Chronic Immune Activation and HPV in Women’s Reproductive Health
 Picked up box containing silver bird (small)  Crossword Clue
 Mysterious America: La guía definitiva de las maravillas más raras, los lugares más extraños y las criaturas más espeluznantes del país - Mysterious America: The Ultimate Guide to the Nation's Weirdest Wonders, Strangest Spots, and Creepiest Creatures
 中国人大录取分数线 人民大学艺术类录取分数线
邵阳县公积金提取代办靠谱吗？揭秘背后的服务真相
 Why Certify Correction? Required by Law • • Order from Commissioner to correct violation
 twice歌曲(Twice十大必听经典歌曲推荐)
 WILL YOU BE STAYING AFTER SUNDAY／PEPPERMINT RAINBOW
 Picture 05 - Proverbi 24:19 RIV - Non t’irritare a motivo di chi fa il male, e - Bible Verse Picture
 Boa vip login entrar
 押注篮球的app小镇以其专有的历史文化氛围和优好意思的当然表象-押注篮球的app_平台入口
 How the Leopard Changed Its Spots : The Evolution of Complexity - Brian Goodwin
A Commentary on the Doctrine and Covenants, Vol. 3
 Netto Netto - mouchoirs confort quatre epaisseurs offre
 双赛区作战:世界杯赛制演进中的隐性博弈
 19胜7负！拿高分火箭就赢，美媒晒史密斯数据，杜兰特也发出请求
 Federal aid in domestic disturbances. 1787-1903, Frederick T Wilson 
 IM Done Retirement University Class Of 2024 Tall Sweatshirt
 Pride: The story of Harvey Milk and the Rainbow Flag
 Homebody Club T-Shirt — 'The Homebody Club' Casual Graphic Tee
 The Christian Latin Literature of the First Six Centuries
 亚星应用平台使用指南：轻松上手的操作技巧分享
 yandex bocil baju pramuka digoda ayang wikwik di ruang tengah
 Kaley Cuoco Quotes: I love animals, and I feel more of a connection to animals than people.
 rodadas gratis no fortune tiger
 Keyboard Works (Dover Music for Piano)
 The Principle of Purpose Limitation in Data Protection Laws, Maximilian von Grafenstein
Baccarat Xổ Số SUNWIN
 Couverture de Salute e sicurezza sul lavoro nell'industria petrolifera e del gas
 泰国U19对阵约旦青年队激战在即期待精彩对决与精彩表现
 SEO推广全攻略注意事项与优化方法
☆ ☆ ☆
Requirement>
Extract each line of the material exactly as it stands.

Output for this exercise>
Chronic Immune Activation and HPV in Women’s Reproductive Health
 Picked up box containing silver bird (small)  Crossword Clue
 Mysterious America: La guía definitiva de las maravillas más raras, los lugares más extraños y las criaturas más espeluznantes del país - Mysterious America: The Ultimate Guide to the Nation's Weirdest Wonders, Strangest Spots, and Creepiest Creatures
 中国人大录取分数线 人民大学艺术类录取分数线
邵阳县公积金提取代办靠谱吗？揭秘背后的服务真相
 Why Certify Correction? Required by Law • • Order from Commissioner to correct violation
 twice歌曲(Twice十大必听经典歌曲推荐)
 WILL YOU BE STAYING AFTER SUNDAY／PEPPERMINT RAINBOW
 Picture 05 - Proverbi 24:19 RIV - Non t’irritare a motivo di chi fa il male, e - Bible Verse Picture
 Boa vip login entrar
 押注篮球的app小镇以其专有的历史文化氛围和优好意思的当然表象-押注篮球的app_平台入口
 How the Leopard Changed Its Spots : The Evolution of Complexity - Brian Goodwin
A Commentary on the Doctrine and Covenants, Vol. 3
 Netto Netto - mouchoirs confort quatre epaisseurs offre
 双赛区作战:世界杯赛制演进中的隐性博弈
 19胜7负！拿高分火箭就赢，美媒晒史密斯数据，杜兰特也发出请求
 Federal aid in domestic disturbances. 1787-1903, Frederick T Wilson 
 IM Done Retirement University Class Of 2024 Tall Sweatshirt
 Pride: The story of Harvey Milk and the Rainbow Flag
 Homebody Club T-Shirt — 'The Homebody Club' Casual Graphic Tee
 The Christian Latin Literature of the First Six Centuries
 亚星应用平台使用指南：轻松上手的操作技巧分享
 yandex bocil baju pramuka digoda ayang wikwik di ruang tengah
 Kaley Cuoco Quotes: I love animals, and I feel more of a connection to animals than people.
 rodadas gratis no fortune tiger
 Keyboard Works (Dover Music for Piano)
 The Principle of Purpose Limitation in Data Protection Laws, Maximilian von Grafenstein
Baccarat Xổ Số SUNWIN
 Couverture de Salute e sicurezza sul lavoro nell'industria petrolifera e del gas
 泰国U19对阵约旦青年队激战在即期待精彩对决与精彩表现
 SEO推广全攻略注意事项与优化方法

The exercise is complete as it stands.